Book Reviews

Book vs. Movie: Fahrenheit 451

By
on
June 17, 2018

Book Review:

Fahrenheit 451 introduces us to a future where happiness is only found through fake entertainment provided by the “walls”, full size TV screens in every home. Guy Montag is a fireman who’s job is to burn books because the authorities claim they only confuse and distress the people. When Guy meets a unique stranger, Clarisse, she opens his eyes to the actual world around him, including the value in slowing down to enjoy a real conversation or stopping to look at the stars. After Clarisse mysteriously disappears, Guy smuggles a book into his home and attempts to show his vapid wife how wrong their lives have become. His captain, Beatty, discovers his change of heart and forces Guy to burn his home and go on the run.

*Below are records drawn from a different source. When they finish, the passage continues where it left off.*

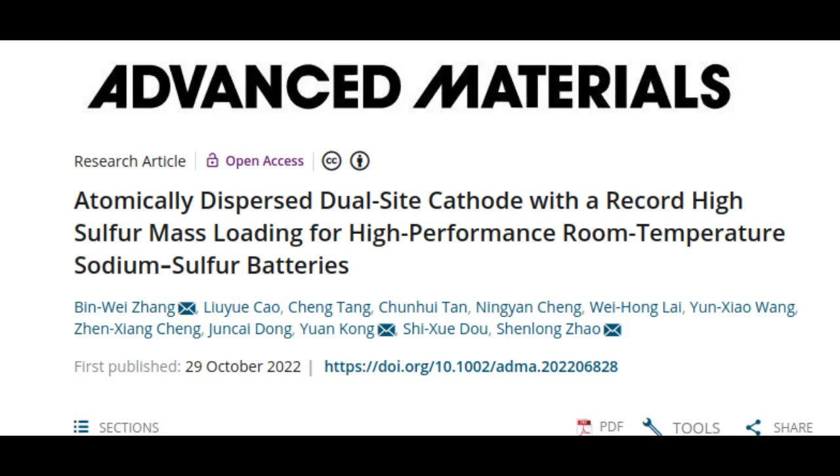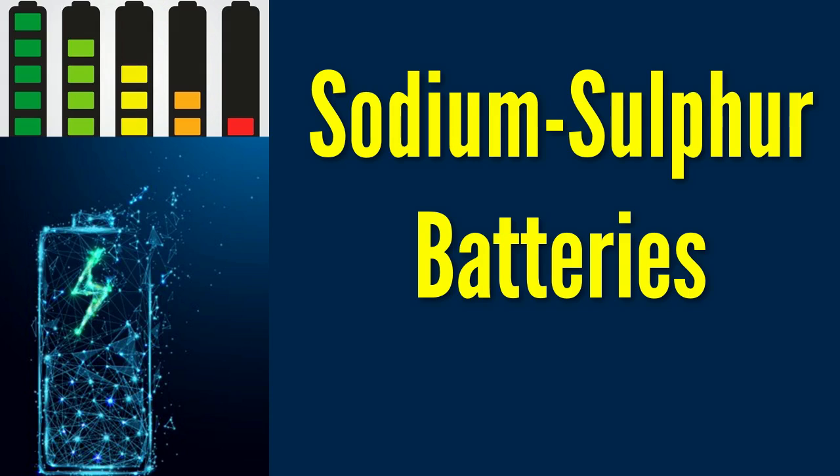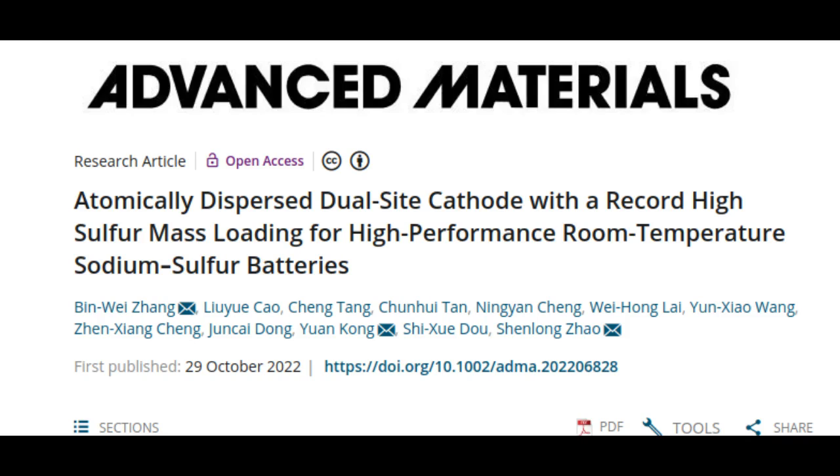Although sodium sulfur batteries have existed for more than half a century, they have been an inferior alternative and their widespread use has been limited by low energy capacity and short life cycles. Using a simple pyrolysis process and carbon-based electrodes to improve the reactivity of sulfur and the reversibility of reactions between sulfur and sodium, the researchers' battery has shaken off its formerly sluggish reputation, exhibiting super-high capacity and ultra-long life at room temperature.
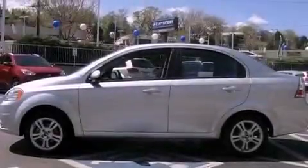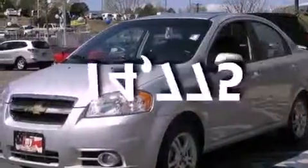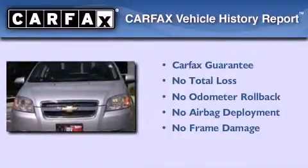OnStar, side curtain airbags, air conditioning. This vehicle has fewer than 15,000 miles on the odometer. Not to mention that this Chevrolet qualifies for the Carfax buyback guarantee.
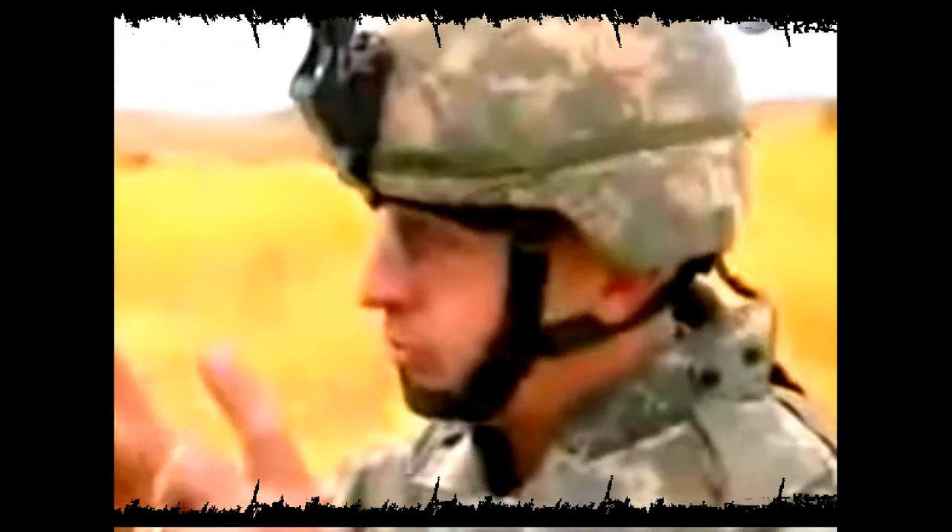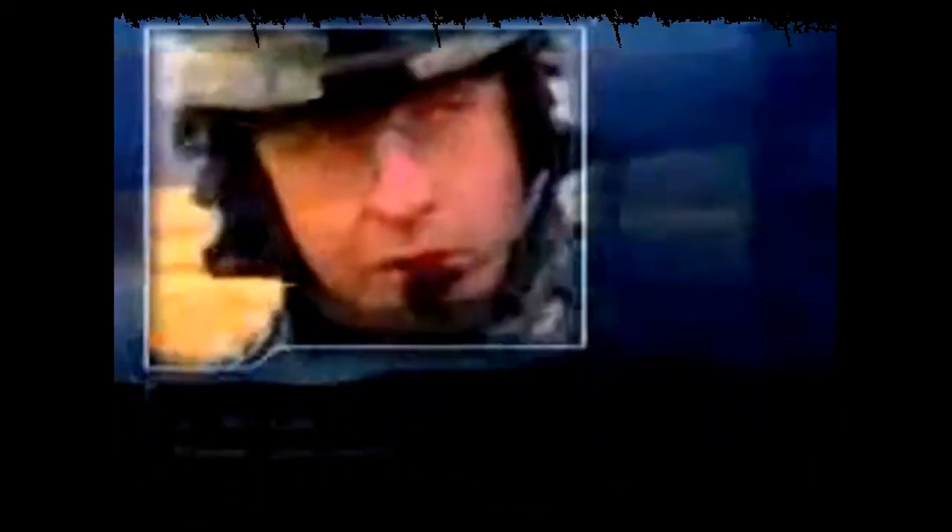At the press of a button, the officer in the command Striker can issue new orders. He can instantly, through the computer that hooks to the system, create a new set of operational graphics on a map, on a piece of imagery, and send them with a text message saying, 'Hey, instead of turning left, turn right.' The Striker is fast and flexible, and that's why Colonel John Lear is so confident it's the right tool for the job.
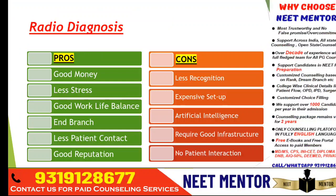Radio diagnosis is the most lucrative branch nowadays, and that's why the closing rank is very high. You can earn good money — money is not a problem in radio diagnosis. Work stress is less, there is no patient interaction, work-life balance is very good, and it's an end branch so you don't need to think about super specialization. Less patient contact and very good reputation. The con is less recognition because you work behind the scenes — your name doesn't come into the market.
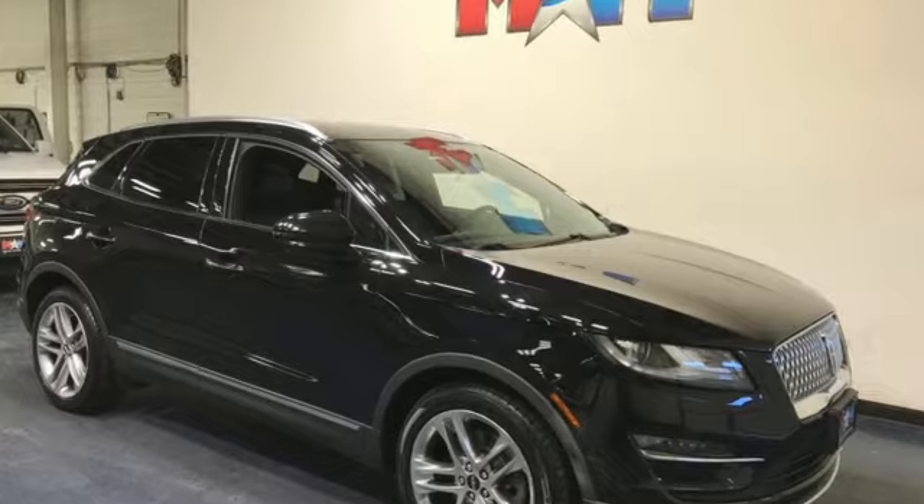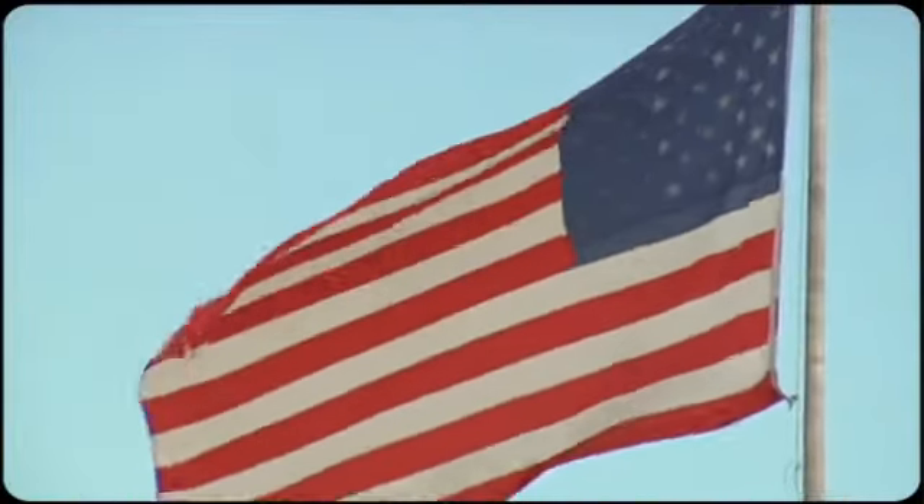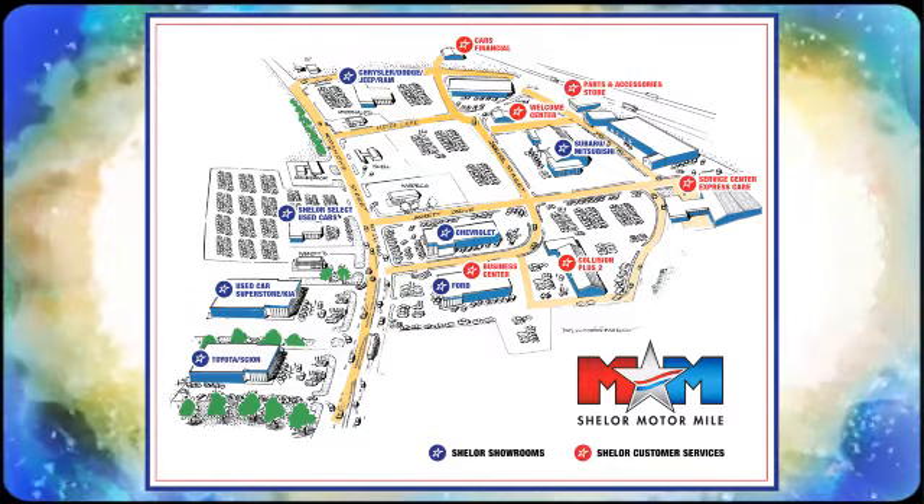You'll never know till you try. Test drive it today. Come visit us on the Motor Mile where you're always a name and never a number. Call, click, or stop in. We're conveniently located at 200 Motor Lane in Christiansburg, Virginia.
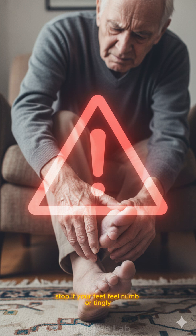Stop. If your feet feel numb or tingly, your body is screaming a warning. This could be diabetes, and ignoring it could cost you your toes.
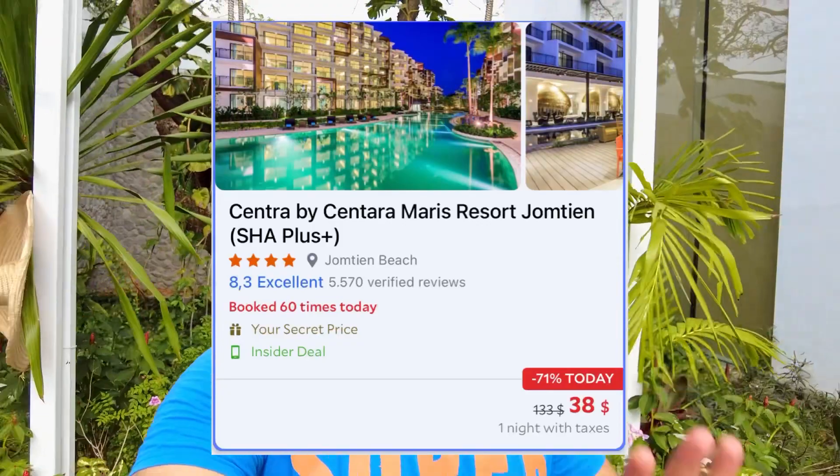The hotel I'm going to show you in this video is called Centra by Centara Maris. It's a four-star hotel, pet friendly, guest friendly, and close to the beach — they have a ferry every one hour to bring you to the beach and back. The location is in the description or comment section. Let me show you the lobby, the rooms, and the breakfast.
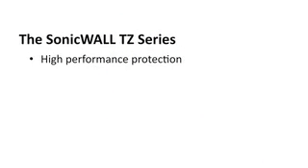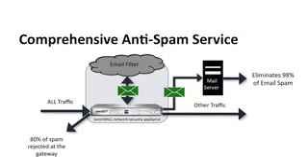But that's not the big story. The big story is that we've revolutionized the security industry by adding an innovative, new, comprehensive anti-spam service into the TZ product line. And I'm not talking about simple whitelists or blacklists. I'm talking about an integrated anti-spam solution that's close to 99% effective.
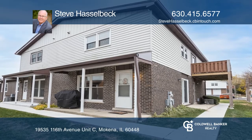Steve Hasselbeck is ready to answer any questions you may have. Give him a call today.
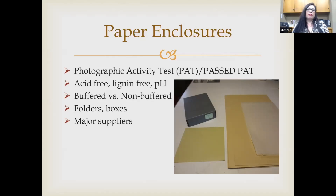Paper enclosures such as folders and boxes are available from major suppliers including Gaylord Archival, University Products, and Archival Methods. All highly trusted resources have passed the Photographic Activity Test (PAT), which is an international scientific study that tests the chemical interaction between an object and its housing materials long-term. Look for the PAT-passed designation when purchasing housing materials.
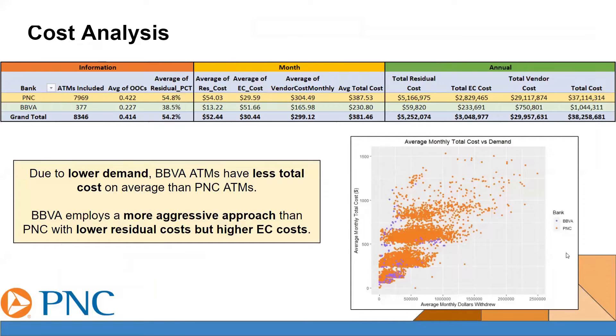Looking at the cost analysis here, you'll immediately notice that PNC and BBVA flop spots in the lead in terms of their monthly costs for average residual costs and average emergency cash order costs. However, if you look at the annual costs, you'll notice that PNC is far ahead, with $37,114,314 in total costs, while BBVA is at $1,044,311. This is mostly due to PNC's higher demand and more customers. This is depicted on the bottom right graph here, with PNC's cash points represented by the orange dots and BBVA's cash points represented by the purple. Due to this lower demand that BBVA experiences, they have less total costs on average than PNC ATMs. This allows them to have a more aggressive approach in how they manage their ATMs, and they have lower residual costs but higher emergency cash order costs.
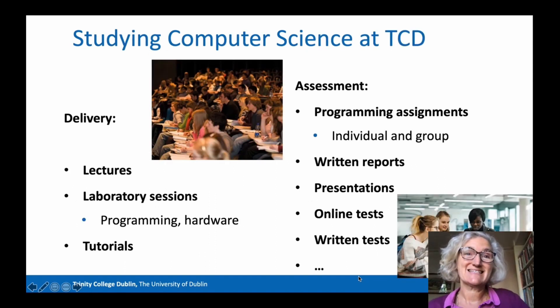So what's it actually like to study computer science at Trinity College? The teaching is delivered via lectures, in laboratory sessions where you might be programming or engaging with hardware, and in tutorials where you work on solving problems in smaller groups supported by a teaching assistant. Most of your learning will occur when you do assignments — many of these will be programming assignments carried out individually and in groups. You'll also be asked to write reports, make presentations, do online tests and written tests.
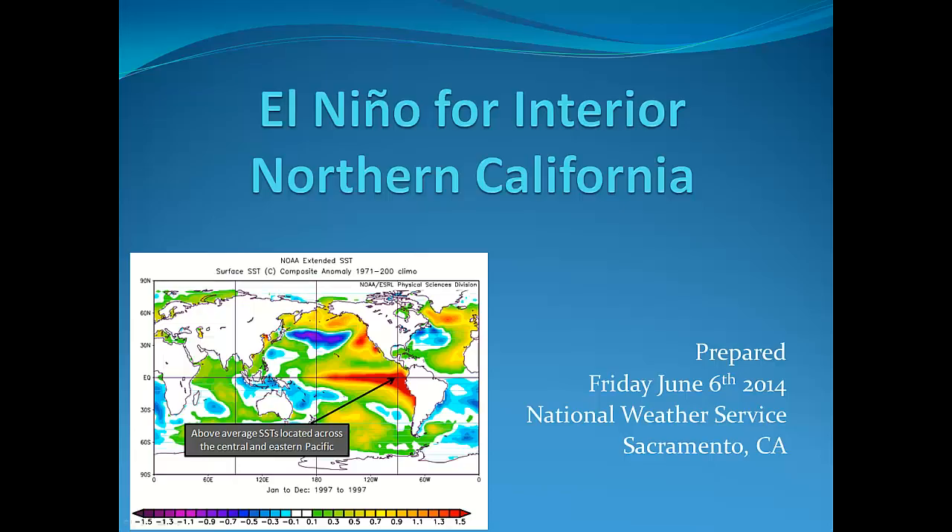Hello, this is the National Weather Service in Sacramento, California. El Niño for Interior Northern California is the topic of this video. This was recorded on Friday, June 6, 2014, and is approximately 4 minutes long.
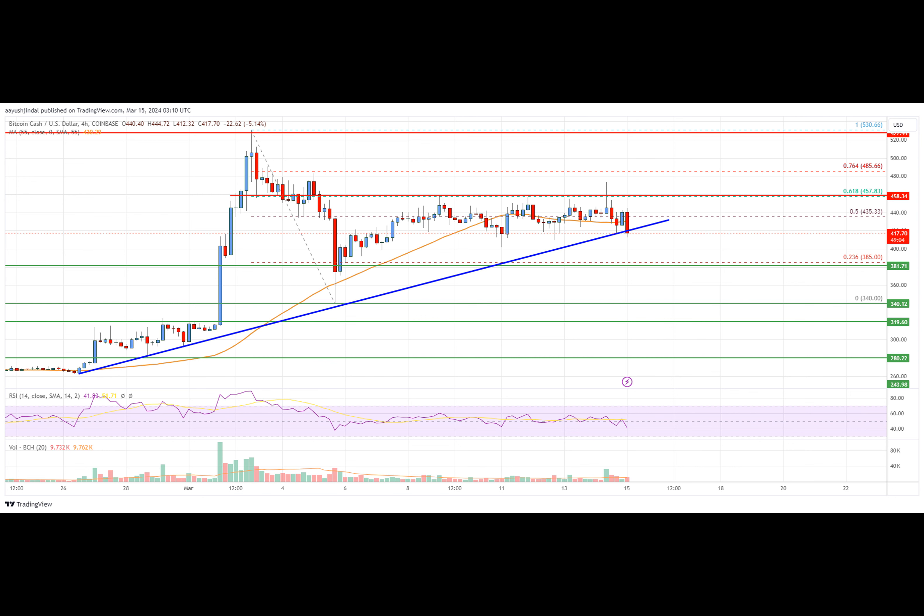In short, keep an eye on the 440 and 450 resistance levels. A break above these levels could lead to a fresh surge for Bitcoin Cash.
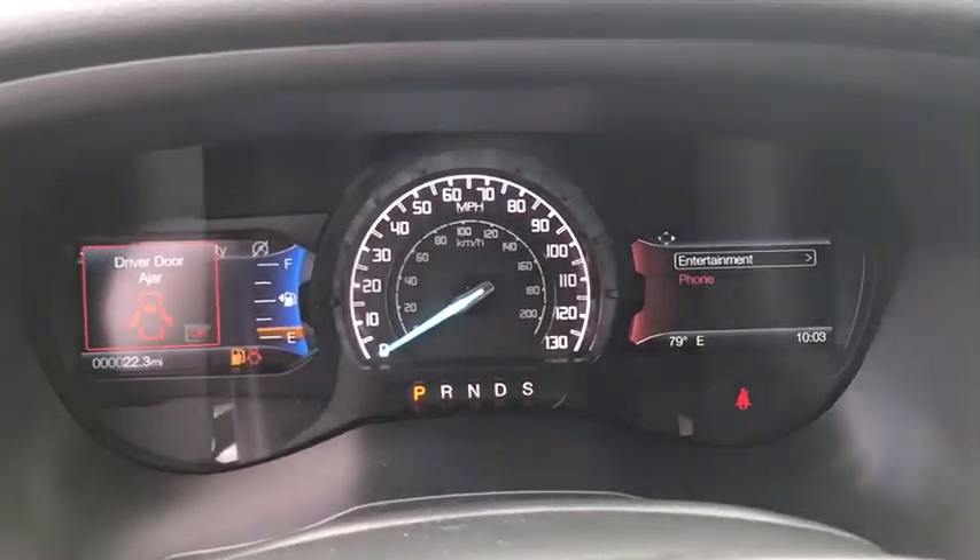Rear window defroster, power windows, electronic stability control, security system, compass, fog light, heated front seat.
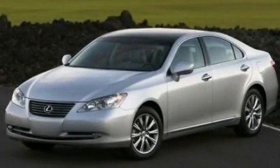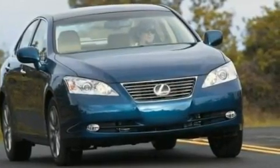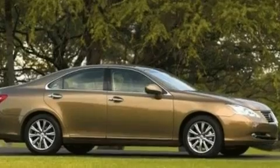This is a 2009 Lexus ES350, a drive-in shape that provides endless luxury. It has a 3.5-liter six-cylinder engine and an automatic transmission.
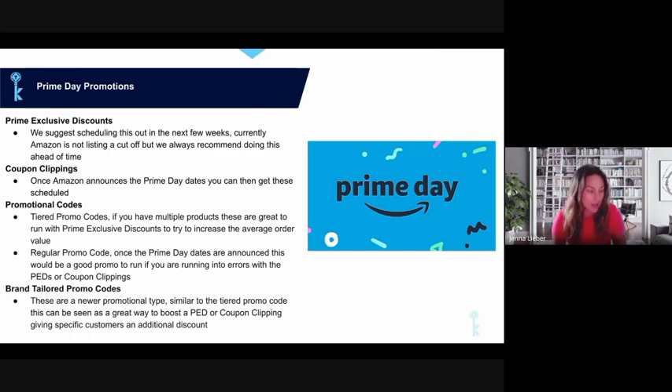Once Amazon announces Prime Day dates, you can schedule coupon clipping for those specific dates — just put in July 16th and 17th, for example. You should be able to submit whatever discount amount fits the coupon clipping parameters. My recommendation, if it's within your margins, is to at least match that 20% off, because that's what everyone else will be doing and you want to stay competitive.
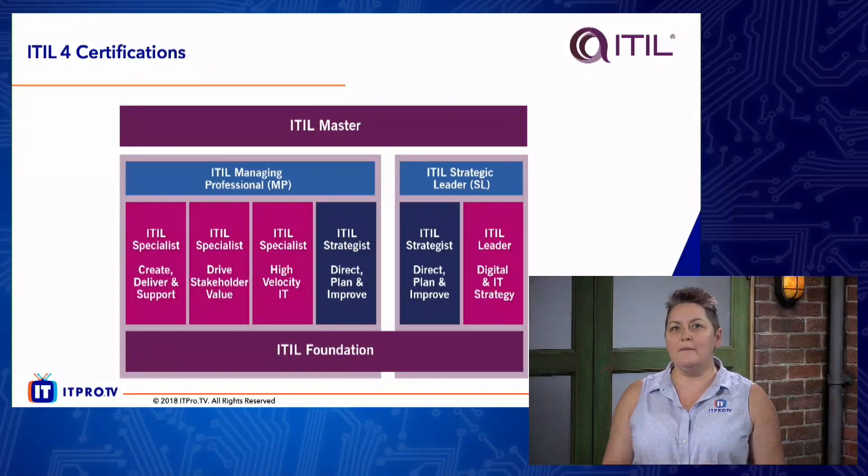So let's take a look at the certificate. At the very bottom you'll see that we have ITIL Foundation, and that is going to be exactly the same format as the version 3 2011 format — a 40-question, one-hour, multiple choice exam. Foundation launches in quarter one of 2019.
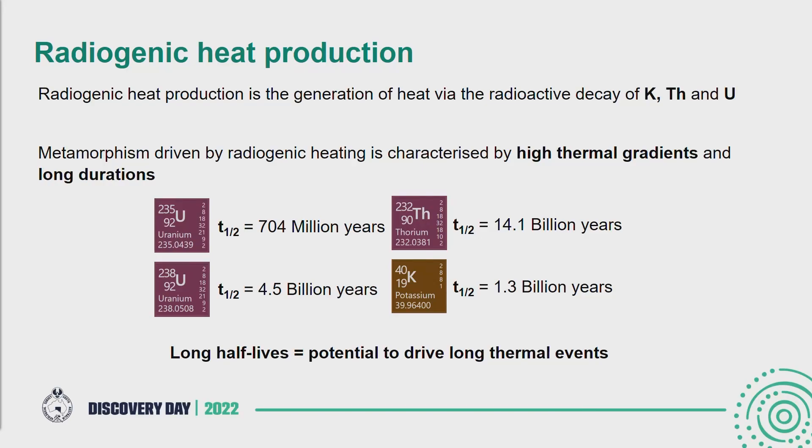So how do we produce heat in rocks? Basically all rocks contain some concentration of the elements potassium, thorium, and uranium. Quite often they're in quite low abundances, but in some instances — particularly in mid to upper crustal rocks, in felsic lithologies, and metasedimentary rocks — we can have quite high concentrations of thorium and uranium. When you have such high concentrations of these elements, we can generate quite a lot of heat because they decay radioactively, and as that happens they generate heat. When you do have concentrations like this, you can drive metamorphism effectively — you're adding thermal energy into the crust.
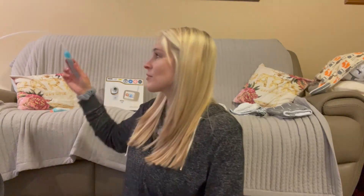Another thing you might want is a Nose Frida. You can actually see what is in there and clean it, and there is a filter right here so you're not going to suck it up whenever you're pulling it out.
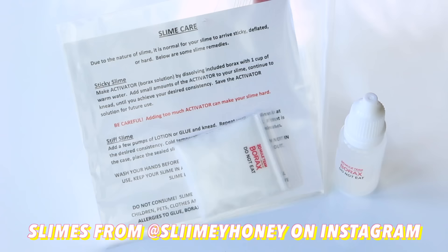The package also came with borax and a care sheet. Thank you so much for watching this video — I really hope that you enjoyed it. If you did, don't forget to give it a thumbs up and I'll see you really soon. Bye!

Ray Bradbury’s novel is a cautionary tale that feels all too relevant in our technology-obsessed society. In the quest for happiness, we’ve given up our ability to think for ourselves and place our entire lives in the hands of technology. Although scholars often recognize censorship as the main theme of this book, Ray Bradbury himself stated that he was more concerned that our love of television and the media would cause us to stop reading books. Substance no longer matters as long as we were entertained. Reading becomes a thing of the past.

I first read Fahrenheit 451 as required reading in high school or college, which is likely the case for most of us if we’ve read it. When I heard a movie was coming out, I took the opportunity to give it another go. I would highly recommend giving this one a second read if you’ve never read it as an adult. I connected with the story and it’s message in a much more impactful way. It is obviously an American classic for a reason, but doesn’t fall into the overly philosophical or wordy nature of other classics. It clocks in at less than 200 pages and features an easy to understand plot and approachable vocabulary.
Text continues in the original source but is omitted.